Rallis, Bua, Kladas, and others reappear by 1462 or 64: they were neither taken away nor killed off. But this removal, combined with emigration, is a reasonable and efficient way to explain the remarkable disappearance of what appears to be very nearly a whole class of people. Meanwhile, in the Morea Mehmed installed not only Turkish administrators and governors, but men of quality he had acquired in previous conquests. The list of timar holders includes a Russian, an Albanian, two men from Ioannina, brothers from Thessaly, and individuals from Lamia and Veria. With a very few exceptions, we lose sight of those Moreotes who might have been absorbed into the Ottoman land-holding system in the Morea. 

Outside the Morea, we know of only two Moreote archons: Matthaios Asan, kefali of Corinth who surrendered Corinth and arranged for the surrender of Mistra, was given Ainos, and a military command in Mehmed's Bosnian campaign. His brother-in-law Demetrios Palaiologos, former Despot of the Morea, was given Imbros and Lemnos, and half of the income from Thasos and Samothraki -- a total of 300,000 aspers annually, plus another 100,000 aspers from Mehmed's treasury.

Barbarigo calls the men on his lists stratioti, and says that their support will guarantee Moreote support for the Venetian effort. Since he calls them both kapetanioi, and stratioti, it is not clear what he understands by stratioti. Twenty years later, stratioti had become the general term for Greek and Albanian horsemen on contract and their leaders provisionati but within the Byzantine system, stratiotai were the men who held pronias, or what the Venetians called provisioni

What we see is a certain number of large families – Kladas, Bua, Rallis – who formerly had authority over large areas of land and taxpayers and troops, continuing within the Venetian system where they primarily commanded bands of troops. This was wartime and the land they had previously held was for the most part changing back and forth between Venetian and Ottoman control. Most of the land in the small Venetian territories -- Methoni, Koroni, Nauplion, Monemvasia -- was rented out for growth of cash crops. Some was used as payment for for stratioti where they farmed and kept their horses -- they were responsible for their own food supplies and equipment. Thus a small number of the landholding class became a professional salaried military class within the Venetian system. With the Ventian conquests early in the war, a few kapetanioi had taken over control of various areas. Manuel Rallis, followed by his son Michaeli, had taken over Chlemoutsi and Clarentza which had formerly been under the control of George and John Rallis, their relatives and first-cousins of the despots. The more specific records are of landholdings in Mani.

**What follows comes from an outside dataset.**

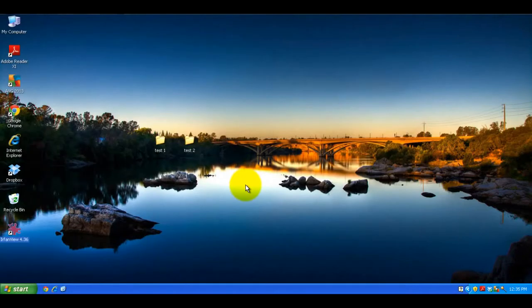I will also demonstrate how to accomplish this on Windows 7. It's basically the same set of steps, but I will show you the slight differences.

After the Kladas revolt, with no war at hand, the Venetians had to keep the kapetanioi pacified. This is illustrated over and over in the letters of Bartolomeo Minio who reports his helplessness when kapetanioi seized extra land they were not supposed to have, and then refused to pay taxes. The kapetanioi continued the anarchic tradition of the archons but they still needed cash and a protective umbrella. That is what they kept saying – they wanted to be under the shade of Venice, but they really wanted to do what they wanted to do when they wanted to do it. Similar pacification of certain Cretan archons, such as the Kalergis family, had been necessary for two hundred years.